C'était jeudi (6 mai) à Lisbonne, où le conseil des gouverneurs de la Banque centrale européenne avait trouvé un refuge temporaire contre les frimas de Francfort. Du rachat des dettes des Etats européens par la BCE, LA mesure qu'espéraient des marchés financiers paniqués par la contagion grecque, il ne fût même pas question. Dixit son président. Trois jours plus tard à Bruxelles, en marge d'une réunion de crise des ministres des Finances de l'UE, c'était décidé. L'impensable était devenu l'indispensable. Et dés lundi matin (10 mai), joignant le geste à la parole, la Bundesbank comme la Banque de France devaient se porter acquéreuses sur le marché secondaire de ce papier estampillé «public» qui brûlait les doigts des investisseurs privés.
Lisbonne, avant de donner son nom à une stratégie de croissance européenne mort-née et à un tragique malentendu constitutionnel, fut (et demeure) la ville de Fernando Pessoa, immense poète camouflé en employé de bureau, l'homme au chapeau noir immortalisé par Almada Negreiros. Grand amateur de poésie, Jean-Claude Trichet n'ignore pas que Pessoa, «voyageur immobile», a, sans presque jamais quitter les ruelles descendant du Chiado, vécu les nombreuses vies de ses hétéronymes, de Ricardo Reis à Alberto Caeiro, d'Alvaro de Campos à Bernardo Soares, pour ne citer que les plus importants. Si le Trichet de Bruxelles ignore celui de Lisbonne, c'est peut-être qu'à l'image des hétéronymes de Pessoa, ils mènent des vies parallèles, «ayatollah» de l'euro fort et renfloueur des banques, «psychorigide» obsédé par l'inflation et bailleur de fonds pragmatique des dévergondages budgétaires. Au risque de désorienter ses partisans comme ses adversaires.

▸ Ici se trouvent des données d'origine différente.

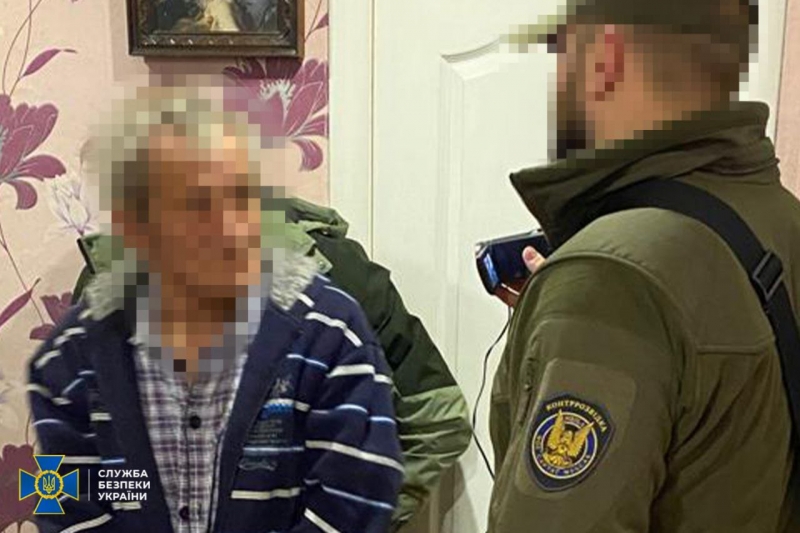Чинний та колишні співробітники правоохоронних органів входили до агентурної мережі росіян у трьох областях України (фото)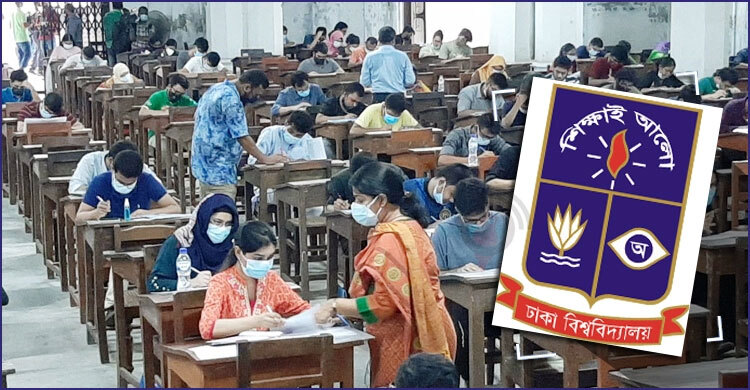 DU to hold ‘Gha’ unit entry test for 2021-22 academic year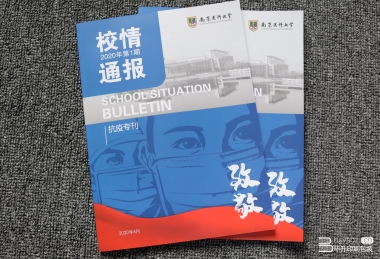 南京药科大学抗疫宣传册滚球app平台（中国）有限公司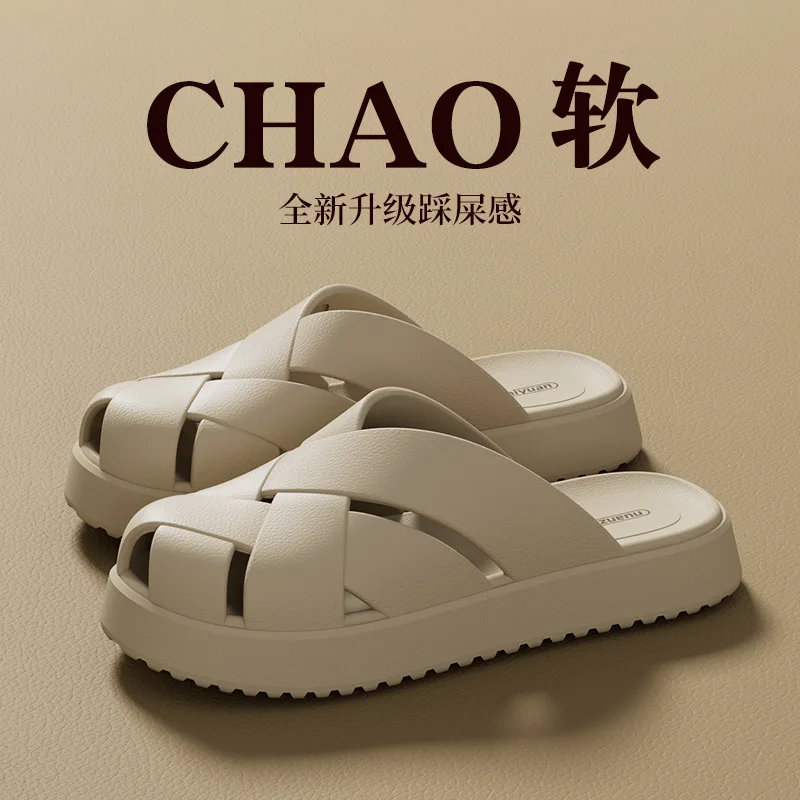 

EVA Slippers for Women Summer Soft Sole Home Outdoor Slippers Fashion Thick Soled Non Slip Couple Style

Du 9 août 2007 au 10 mai 2010, en passant par la tempête de septembre 2008, la BCE présidée par l'ancien gouverneur de la Banque de France a manifesté dans la gestion de crise une maîtrise à la mesure de la complaisance affichée au cours des années antérieures vis à vis de l'accumulation des tensions dans un système qui, contrairement à ce que pensait et disait alors Jean-Claude Trichet, n'était pas du tout «géré».
Vendredi 7 mai, la BCE a très vite compris que le marché interbancaire européen et mondial était menacé, comme après la faillite de Lehman Brothers, d'un accès de défiance conduisant tout droit à la thrombose. Elle a prévenu l'accident vasculaire en devenant acheteur en dernier ressort des montagnes de dettes publiques nichées dans les bilans des banques européennes. Au passage, la manœuvre, provoquant une détente brutale sur les marchés obligataires et une remontée spectaculaire des bourses, a sans doute étrillé quelques «spéculateurs».
Mais pour la BCE et son président, c'est un nouveau succès technique au goût doux-amer. La sortie des mesures «non conventionnelles» imposées par la crise est repoussée à des jours meilleurs. Même si la BCE n'en est pas encore à souscrire directement aux adjudications des Etats de la zone euro, ce que les Traités européens lui interdisent en principe, elle s'est avancée sur le chemin escarpé et glissant de la monétisation de la dette publique. Si la confiance n'était pas rétablie très vite, et cela dépend exclusivement de la capacité politique des gouvernements de la zone euro à pratiquer la «rigueur» promise aux marchés, la banque centrale devrait porter durablement dans un bilan hypertrophié des actifs de qualité douteuse (à commencer par la dette grecque). C'est dangereux pour l'euro, qui reste sous pression, et pour l'ancrage des anticipations inflationnistes, pierre angulaire de la stratégie de la BCE. Car si l'endettement public est refinancé par la planche à billet, l'inflation est au bout de la route. Comme dirait Jean-Claude Trichet, c'est aussi simple que cela.
D'autant qu'à moyen terme, une défaillance de la Grèce reste inévitable, que l'on appelle cela renégociation, rééchelonnement ou «reprofilage» de ses engagements. La question pendante est de savoir si elle s'accompagnera ou non d'une sortie de la zone euro. Mais d'ici là, Jean-Claude Trichet aura troqué son chapeau (ou ce qu'il en restera) pour le ciré du Malouin.